**Work required**:
Please transcribe only the lines that run from the line bearing "Snapshot of EscorpiLeoncita" to the end of the entries, keeping both end lines. Skip the pictures.

**Brief descriptive captions**:
----------
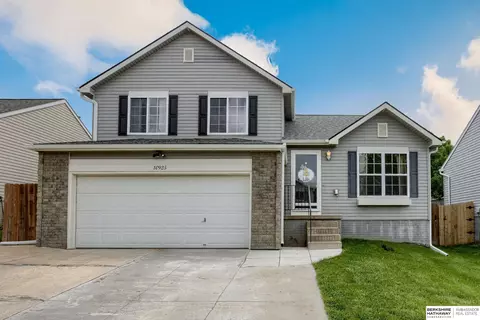 10925 Weber St, Omaha, NE 68142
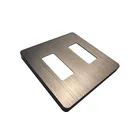 CNC Precision 3d printer parts CNC machining machines spare parts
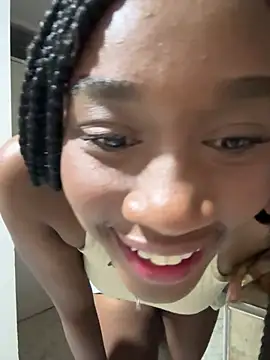 Snapshot of EscorpiLeoncita chatting on 17, 2, 2026 EscorpiLeoncita online show from 17, 2, 2026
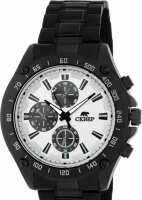 Наручные часы Север e2035-034-414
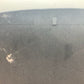 2008 Infiniti V36 G37 Coupe Trunk Subfloor Liner Spare Tire Cover Oem 22Bd8G9 - On Point Parts Inc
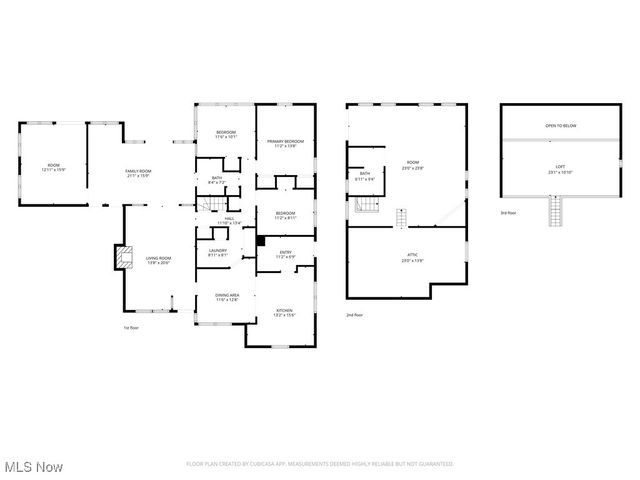 628 Lindbergh Boulevard, Berea, OH 44017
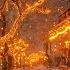 Cozy Jazz At A Quiet Winter Night Cafe Gentle Jazz Instrumental For A Relaxing Mood Winter Jazz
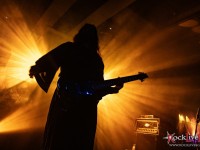 venom inc krisiun hate ater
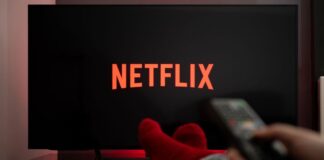 Netflix porta a marzo tante serie TV e film, ecco la lista dei più interessanti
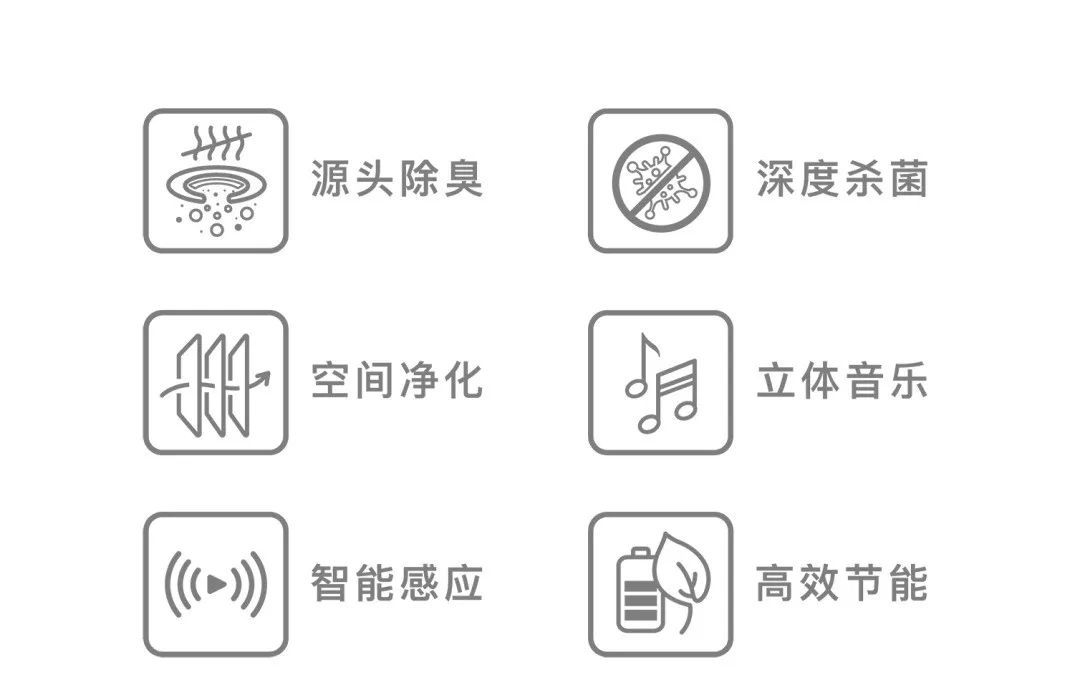 便携式空气净化器的产品介绍,空气净化器最新产品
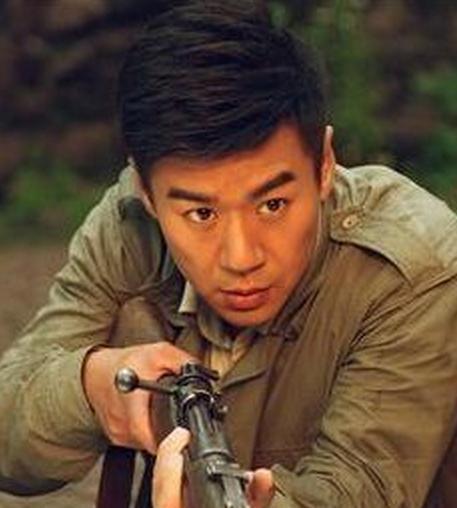 中乙赛季激战正酣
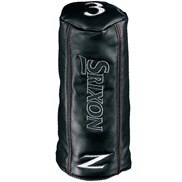 ryu kurokage セール・アウトレット】スリクソン Z F45 フェアウェイウッド KUROKAGE XT  60(フェアウェイウッド(単品))|SRIXON(ダンロップ)の通販 - GDOゴルフショップ(0000473811)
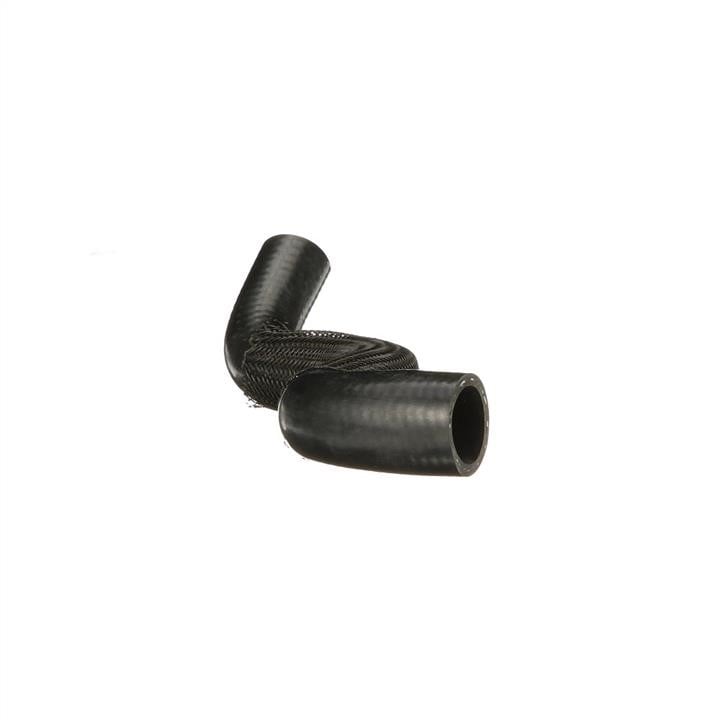 Buy Gates 021620 – good price at EXIST.AE!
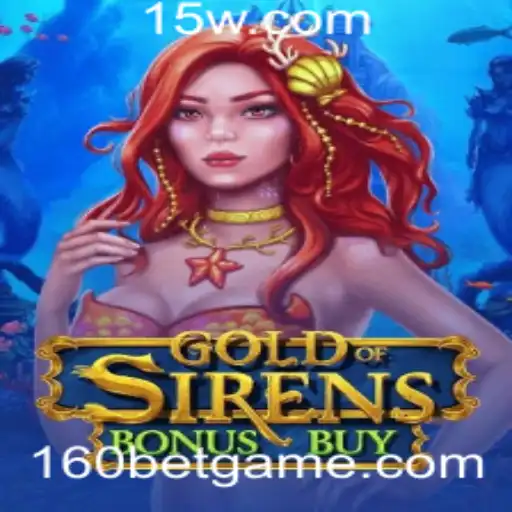 Descobrindo o Mundo de GoldofSirensBonusBuy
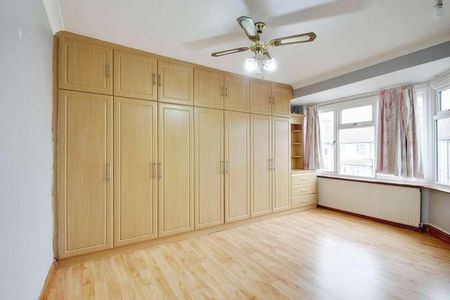 Rosemary Avenue, Hounslow, TW4 - Photo 3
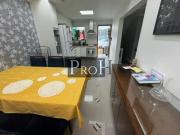 Imoveis no Jardim Santo Antônio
----------
**Solution to this task**:
 Snapshot of EscorpiLeoncita chatting on 17, 2, 2026 EscorpiLeoncita online show from 17, 2, 2026
 Наручные часы Север e2035-034-414
 2008 Infiniti V36 G37 Coupe Trunk Subfloor Liner Spare Tire Cover Oem 22Bd8G9 - On Point Parts Inc
 628 Lindbergh Boulevard, Berea, OH 44017
 Cozy Jazz At A Quiet Winter Night Cafe Gentle Jazz Instrumental For A Relaxing Mood Winter Jazz
 venom inc krisiun hate ater
 Netflix porta a marzo tante serie TV e film, ecco la lista dei più interessanti
 便携式空气净化器的产品介绍,空气净化器最新产品
 中乙赛季激战正酣
 ryu kurokage セール・アウトレット】スリクソン Z F45 フェアウェイウッド KUROKAGE XT  60(フェアウェイウッド(単品))|SRIXON(ダンロップ)の通販 - GDOゴルフショップ(0000473811)
 Buy Gates 021620 – good price at EXIST.AE!
 Descobrindo o Mundo de GoldofSirensBonusBuy
 Rosemary Avenue, Hounslow, TW4 - Photo 3
 Imoveis no Jardim Santo Antônio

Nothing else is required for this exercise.